Going Concern Qualification
The accompanying consolidated financial statements have been prepared in conformity with US GAAP, which contemplate continuation of the Company as a going concern. For the fiscal year ended June 30, 2025, the Company had no revenues, had a net loss of $58,923,300 and had net cash used in operations of $405,168. Additionally, as of June 30, 2025, the Company had accumulated deficit of $125,621,520.
Our independent registered public accounting firm has included a "Going Concern Qualification" in their audit report for each of the fiscal years ended June 30, 2025 and 2024. In addition, we have convertible debt that is past maturity that we are currently negotiating with lenders in order to amend the maturity dates. The foregoing raises substantial doubt about our ability to continue as a going concern for a period of 12 months from the issue date of this report. Our ability to continue as a going concern is dependent on our ability to execute our strategy and on our ability to raise additional funds and/or to consummate a public offering. Management is currently seeking additional funds, primarily through the issuance of equity and/or debt securities for cash to operate our business. No assurance can be given that any future financing will be available or, if available, that it will be on terms that are satisfactory to us. Even if we are able to obtain additional financing, it may contain undue restrictions on our operations, in the case of debt financing or cause substantial dilution for our stockholders, in case of equity and/or convertible debt financing. The consolidated financial statements do not include any adjustments that might result from the outcome of this uncertainty. The "Going Concern Qualification" might make it substantially more difficult to raise capital.

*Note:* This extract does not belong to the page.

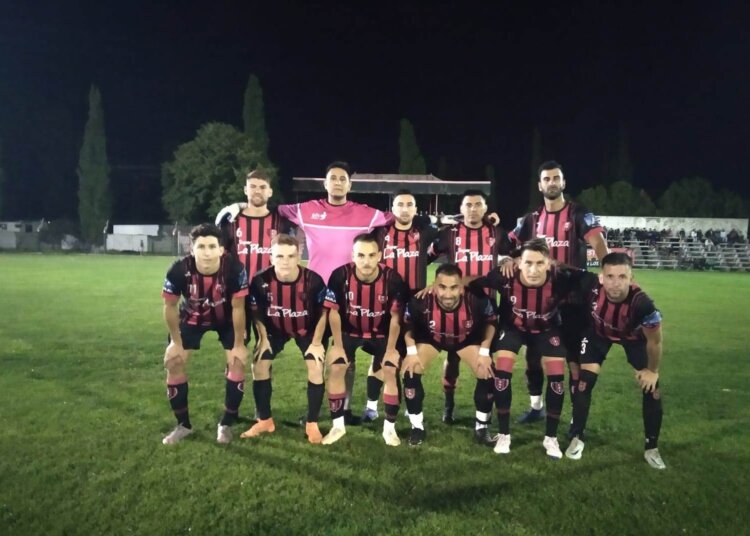 Se conocieron los primeros semifinalistas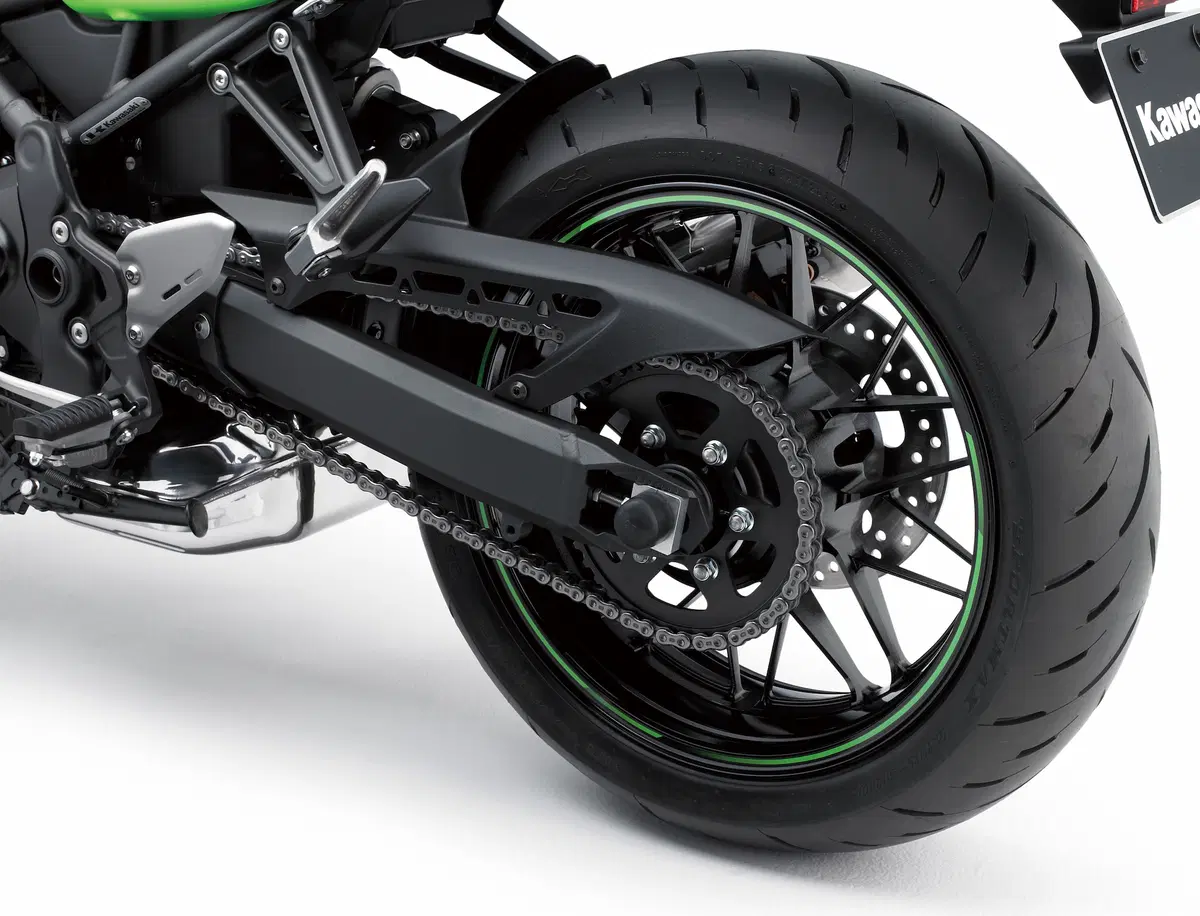 EICMA 2017: Kawasaki Z 900RS ed RS CAFE, foto, dati e prezzi (21)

Successful completion of the Company's development program and, ultimately, the attainment of profitable operations are dependent upon future events, including obtaining adequate financing to fulfill its development activities, acceptance of the Company's patent applications, obtaining additional sources of suitable and adequate financing and ultimately achieving a level of sales adequate to support the Company's cost structure and business plan. The Company's ability to continue as a going concern is also dependent on its ability to further develop and execute on its business plan. However, there can be no assurances that any or all of these endeavors will be successful.
On August 18, 2025, the Company sold 1,000,000 shares of common stock for total gross proceeds of $4,000,000. After deducting the underwriting commissions and offering expenses, the Company received net proceeds of $3,340,000.
Off-Balance Sheet Arrangements
We do not have any off-balance sheet arrangements that have or are reasonably likely to have a current or future effect on our financial condition, changes in financial condition, revenues or expenses, results of operations, liquidity, capital expenditures or capital resources.